Sport specific strength
When your body is redlining on race day and your ability to keep going is being tested, trust me, it is not your last threshold session that is going to help you hang in there, it is your neuromuscular strength, which you create and built consistently in training in the presence of oxygen.
Gravity
Use gravity to your advantage: the slower you climb on the bike, the better your technique has to be. Running slowly uphill similarly has this requirement and is more challenging in some respects. Essentially, the more that gravity is pressing down on you, the greater the benefit is to you, as you are building brilliant technique in the presence of oxygen and your body has the space to integrate it and use it as the bedrock, upon which your performances are based.
Wattage & Climbs
On climbs you can work at higher wattages for lower oxygen costs. I have a few tricks up my sleeve that I used for my pro squad, and I can tell you that there is a way to hold threshold wattage in the presence of oxygen. If you work your climb efforts in the AT1 range, you will build strength without damage to your aerobic system - which can result from too many threshold efforts on the flat.
Swim Strength
If you cannot swim with flat paddles without shoulder trouble, then something is highly likely not quite right with your stroke - your catch is probably too shallow.

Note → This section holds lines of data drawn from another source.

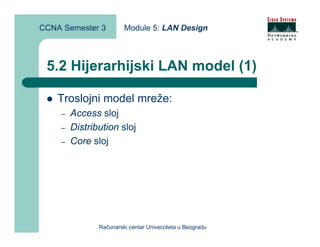 CCNA Semester 3         Module 5: LAN Design



 5.2 Hijerarhijski LAN model (1)

    Troslojni model mreže:
    –   Access sloj
    –   Distribution sloj
    –   Core sloj




               Računarski centar Univerziteta u Beogradu
 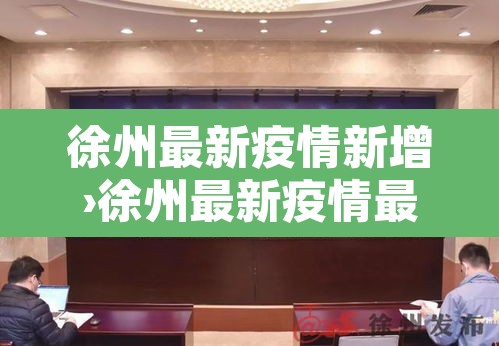 徐州最新疫情新增›徐州最新疫情最新消息新增多少例 徐州最新疫情新增›徐州最新疫情最新消息新增多少例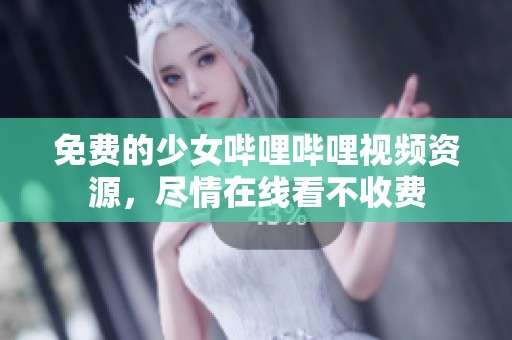 免费的少女哔哩哔哩视频资源，尽情在线看不收费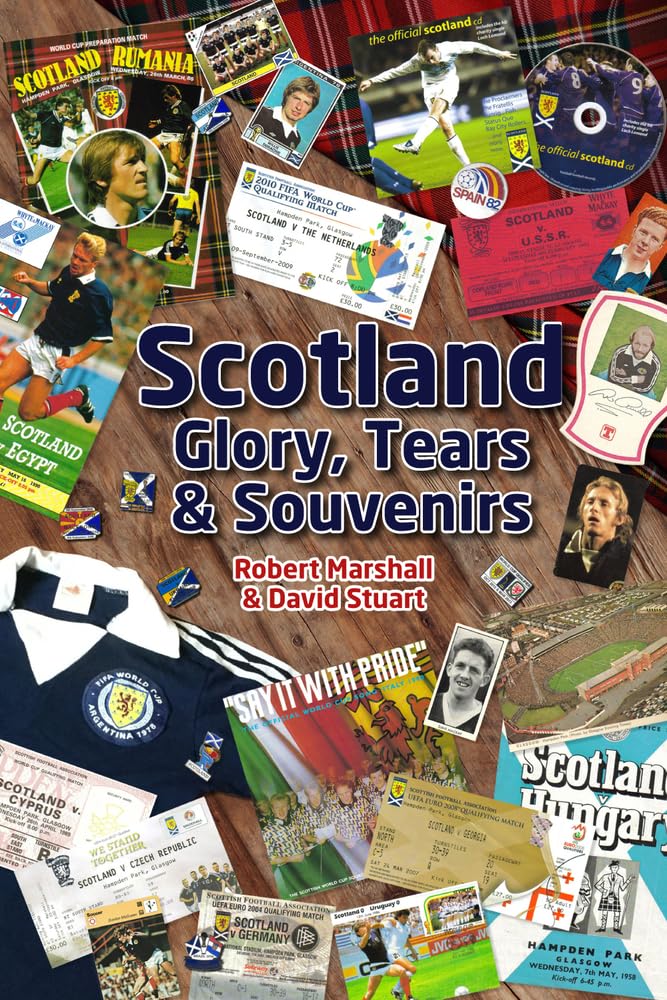 Scotland: Glory, Tears & Souvenirs by Robert Marshall, David Stuart
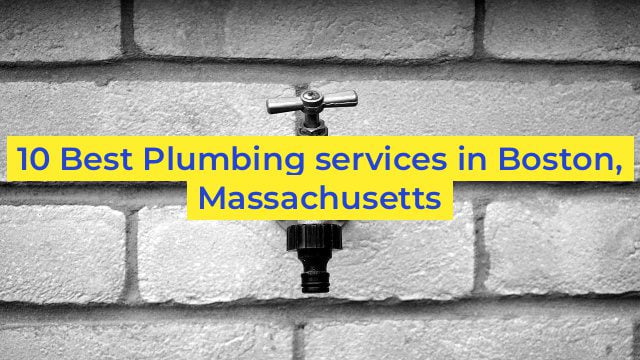 10 Best Plumbing services in Boston, Massachusetts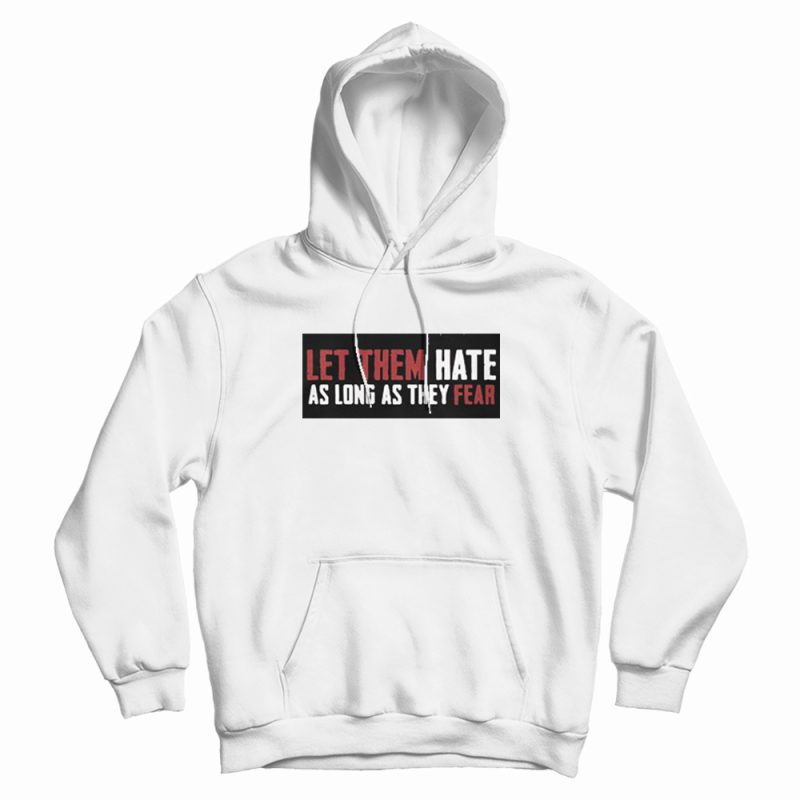 Let Them Hate As Long As They Fear Hoodie Let Them Hate As Long As They Fear Hoodie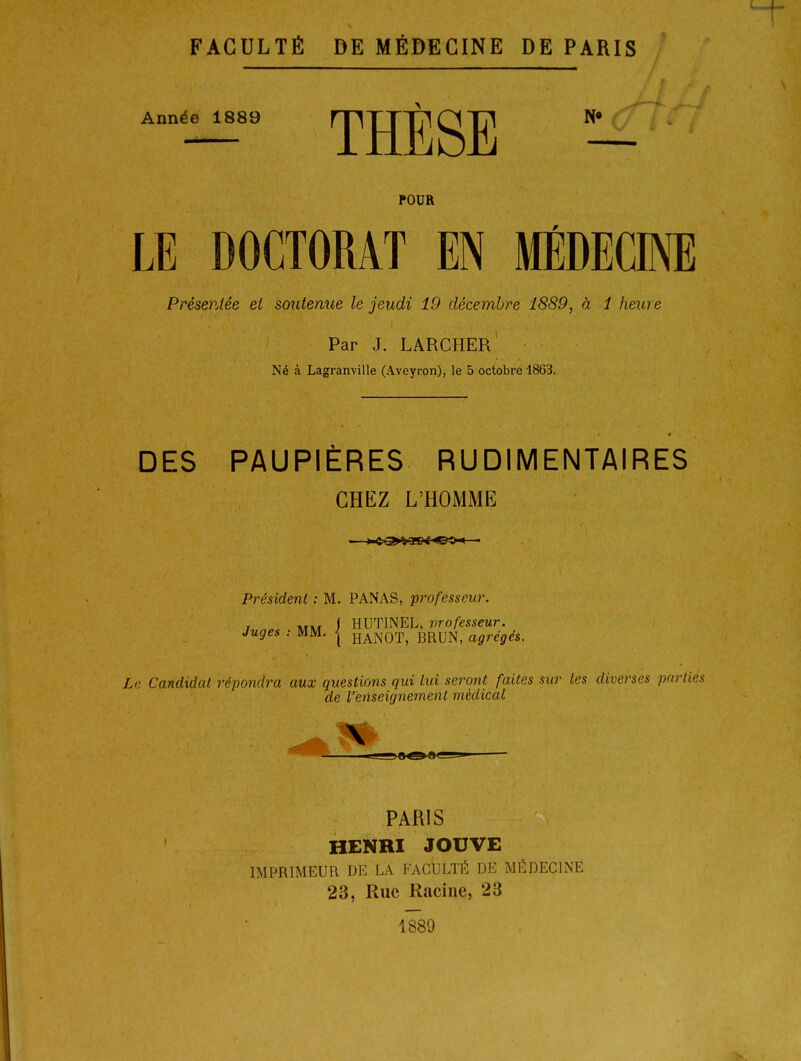 Année 1889 mTTTTlPITTl N* f ' THESE POUR LE DOCTORAT EN MÉDECINE Présentée el soutenue le jeudi 19 décembre 1889, à 1 heure Par J. LARCHER Né à Lagranville (Aveyron), le 5 octobre 1863. DES PAUPIÈRES RUDIMENTAIRES CHEZ L'HOMME Président : M. PANAS, professeur. j I HUTINEL, vrofesseur. Juges : MM. { haNOT, BRUN, agrégés. Le Candidat répondra aux questions qui lui seront faites sur les diverses parties de l'enseignement médical PARIS HENRI JOUVE IMPRIMEUR DE LA FACULTÉ DE MÉDECINE 23, Rue Racine, 23 1889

If you are not an elite pool swimmer, you have to approach this differently: as your thoracic is most likely far tighter than an elite swimmer’s, so need to use your muscles to develop a pull through that is effectively as strong in catch and hold. This requires a slight adjustment to technique.
Most age group swims in races are with a wetsuit. Therefore the best way to mimic that in the pool is by using a pull buoy and paddles or using wetsuit shorts, which will help you develop the swim strength you require.
Those Damn Hills
I would go as far as to say that you could throw everything you know about training out of the window and simply go out into the hills and still race well. Cycling teams base themselves for extended blocks of training on the cols for this very reason. Make the hills your best friend and you will easily develop aerobic strength. If you can run efficiently over rolling hills and climb efficiently on the bike, the flats will take care of themselves. Speed always follows on from strength, not the other way around.
Trails
Here is a little fact: in my experience coaching professional athletes, we would benefit more from putting 40kms per week into their legs on trails than we would do from putting in the same mileage on the road. The balance and strength that develop in tendons from running on trails are another factor, which reflects the benefits of running on trails and mixed surfaces for athletes.
Smooth Load
Training is not about numbers; it is about load. You can get so busy chasing numbers these days that you can ignore the feedback coming back from your body. The human body has its own intelligence and if you pay attention to the load and not just the numbers or the data you are collecting, you will be responding to direct feedback from your body, which is far more accurate.
Numbers supply data to your mind, but your mind is not the physicality that is actually engaged in the process. Pay attention to the load and your levels of fatigue and you will build strength.
Aerobic Function
Aerobic function is a simple measure of strength - if you think you can overcome your legs with your lungs, you are limiting yourself. Consequently, if you build great aerobic strength, the reward lies in the next pillar, great aerobic speed. Develop strength through aerobic movement patterns and this will relay back to you tenfold.
Backend Strength
Your ability to hold yourself together towards the end of a race is bound by foundational strength. Yes, this results from all that slow stuff you do in the hills.
Often athletes will blame a lagging backend speed in a triathlon race on their running volume, when it is in fact a result of a lack of foundational strength development on the bike. The devil is in the detail – so the screen you stare at on your bike computer does not have all the answers if your backend strength is lacking and this is developed in training through strength endurance work on the bike primarily. Simply look at your aerobic foundational strength if you find yourself struggling at the end of the running leg in your races.
Bomb Proofing
You can count on it that well-conditioned athletes who are aerobically strong are far less prone to injury. If you are prone to injury, there is a reason for this that is begging for your attention.
Look at your aerobic strength and its position in your programming, as if you are lacking aerobic strength, you will without a doubt be far more vulnerable to injury.